# Do Calming Treats Work?



## Zac & Max (Jul 12, 2013)

Hi there!

Does anyone have experience with calming treats for cats? Do they work?

We're embarking on a cross country relocation at the end of the month, and I've been preparing my kitten for it ( leash/harness training, simple commands, carrier training, car rides, etc.). 

Zac is ~7-8 months old, and responding fairly well to all the training and new experiences. Still, it's nowhere enough to prepare him for a 5 hour plane ride, not to mention security checkpoints at the airports. 

So I got him Pet Naturals Calming cat treats to try cos if it works, I could give him one before we reach the airport and maybe before take-off etc. 

I just gave him to him about 1.5hrs ago and OMG! I don't know if it made him more hyper or something, but he started doing the kitten zoomies (which he only does at night) and tried to climb the walls! Literally, he was jumping up the wall and trying to "climb" it with all four paws! 

Does this mean the treats don't work? Any feedback and advice would be appreciated.

thanks!


----------



## snowy (Aug 23, 2012)

I bought Bach Original Flower Essences, Rescue Remedy Pet first, then bought Pet Naturals Calming treats too after doodlebug recommended. I am trying my best to help my kitty feel less stressed on a rainy day as well as when needed if ever we need to move him. I haven't used it for the latter yet but it didn't seem to help much on a rainy day, I haven't seen any hyper activity or any calming effect, he is still hiding until the rain stops.


----------



## Zac & Max (Jul 12, 2013)

thanks for sharing Snowy! An update, my kitten did get calm and slept ALOT (about 3hrs more than his usual day time naps). Not sure if it's because of the treats or cos it's quite a cold day. Need to experiment more. But if so, maybe the treats would help your kitty.

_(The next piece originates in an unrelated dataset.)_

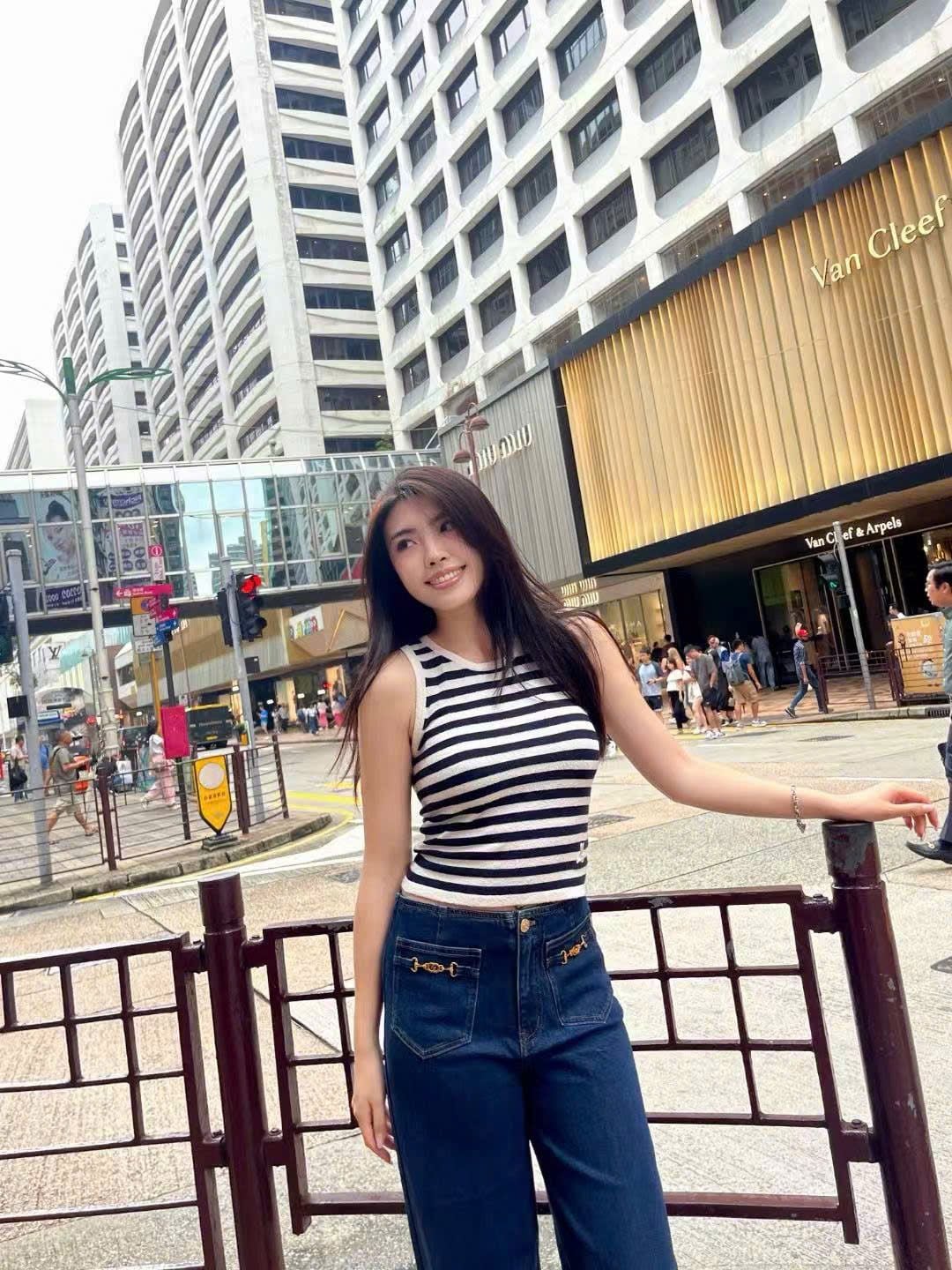  Quần jean xanh vải Ý, xích vàng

When it rains in your area, does thunder accompany it? If so, could your kitty be afraid of that? i keep seeing these ads for "thunder shirts" for cats and dogs. I don't know if they work, but you could look into that?

My kitty has never seen rain since we live in Southern California and it drizzles once in a blue moon. I hope he doesn't get too freaked out when we're living in the Northeast!


----------



## snowy (Aug 23, 2012)

I'm glad the treats worked for your kitty, maybe just not everything worked for every kitty. Whatever, I just needed to try, but think I'll just have to stop trying.

Well, ET is afraid even if there is no thunder or lightning and oh...he is ok with just drizzling. A few occasions, before the sky even turned cloudy, and if I see that he is behaving funny, I know it will rain soon, true enough it started raining shortly.


----------



## emilyatl (Sep 9, 2013)

I tried giving the Pet Naturals Calming Treats to Jem the day we had vet appointments because he would get so stressed. I did start giving them to him daily, and he did seem less stressed in general, but I guess the vet trip was just super stressful, so it didn't help on those days. The FeliWay spray seemed to calm him down a bit (I sprayed it on the blanket in his carrier and let it dry before putting him in). I think they have some calming collars too, you might look into those.


----------



## snowy (Aug 23, 2012)

Ah yes! that calming collar that someone mentioned long ago and I have clean forgotton about that, I'll go check it up.


----------



## emilyatl (Sep 9, 2013)

Well the only one I see after searching is made by Sentry.  I really do not like their products.


----------



## Carmel (Nov 23, 2010)

I was reading reviews on Amazon about them, seems in high stress situations they're useless... so I don't see the point...


----------